On Tue, 2020-02-11 at 10:09 +0000, Roberto Sassu wrote:
-----Original Message-----
Please find/use a mailer that doesn't include this junk.
On Mon, 2020-02-10 at 11:00 +0100, Roberto Sassu wrote:
boot_aggregate is the first entry of IMA measurement list. Its purpose is to link pre-boot measurements to IMA measurements. As IMA was
designed to
work with a TPM 1.2, the SHA1 PCR bank was always selected.
Currently, even if a TPM 2.0 is used, the SHA1 PCR bank is selected. However, the assumption that the SHA1 PCR bank is always available is not correct, as PCR banks can be selected with the PCR_Allocate() TPM
command.
This patch tries to use ima_hash_algo as hash algorithm for
boot_aggregate.
If no PCR bank uses that algorithm, the patch tries to find the SHA256 PCR bank (which is mandatory in the TCG PC Client specification).
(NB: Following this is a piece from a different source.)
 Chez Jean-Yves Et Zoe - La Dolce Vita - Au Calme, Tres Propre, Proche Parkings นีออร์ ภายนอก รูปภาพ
Up to here, the patch description matches the code.
If also this bank is not found, the patch selects the first one. If the TPM algorithm of that bank is not mapped to a crypto ID, boot_aggregate is set to zero.
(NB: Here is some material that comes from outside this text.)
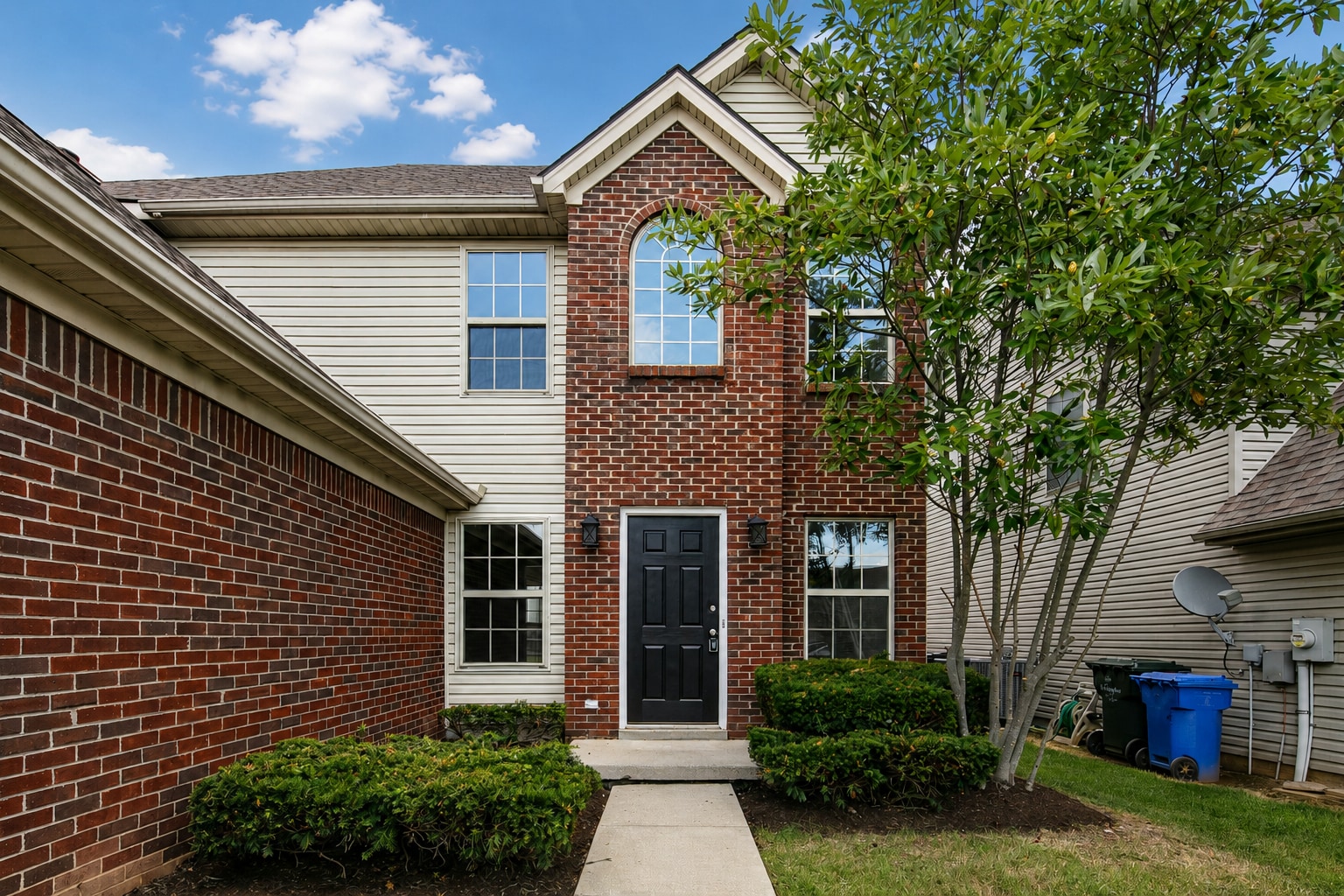 Building Photo - 565 Wellington Gardens Dr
This comment and the one inline are left over from previous version.
Hi Mimi
actually the code does what is described above. bank_idx is initially set to zero and remains as it is if there is no PCR bank for the default IMA algorithm or SHA256.
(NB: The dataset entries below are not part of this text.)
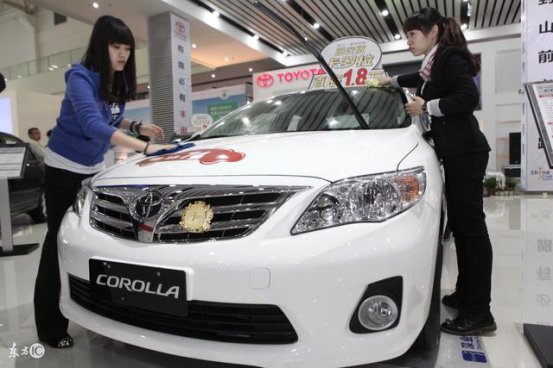 汽车轮胎充氮气真的比空气更靠谱吗？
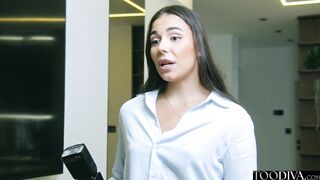 Photographer rides model's huge cock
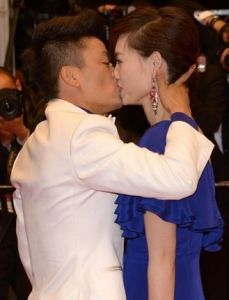 《天注定》坎城首映 王寶強現場親吻妻子馬蓉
Sorry for the delay in continuing to review this patch set. It took a while to write ima-evm-utils regression tests for it.
Dmitry and you were the ones that initiated ima-evm-utils, saying there should a single package for signing files and integrity testing. The features in ima-evm-utils should reflect what is actually upstreamed in the kernel. (Currently there are a few experimental features which were never upstreamed. I'd like to remove them, but am a bit concerned that they are being used.) I'd appreciate your help in keeping ima-evm-utils up to date. It will help simplify upstreaming new kernel features.
My initial patch attempted to use any common TPM and kernel hash algorithm to calculate the boot_aggregate. The discussion with James was pretty clear, which you even stated in the Changelog. Either we use the IMA default hash algorithm, SHA256 for TPM 2.0 or SHA1 for TPM 1.2 for the boot-aggregate.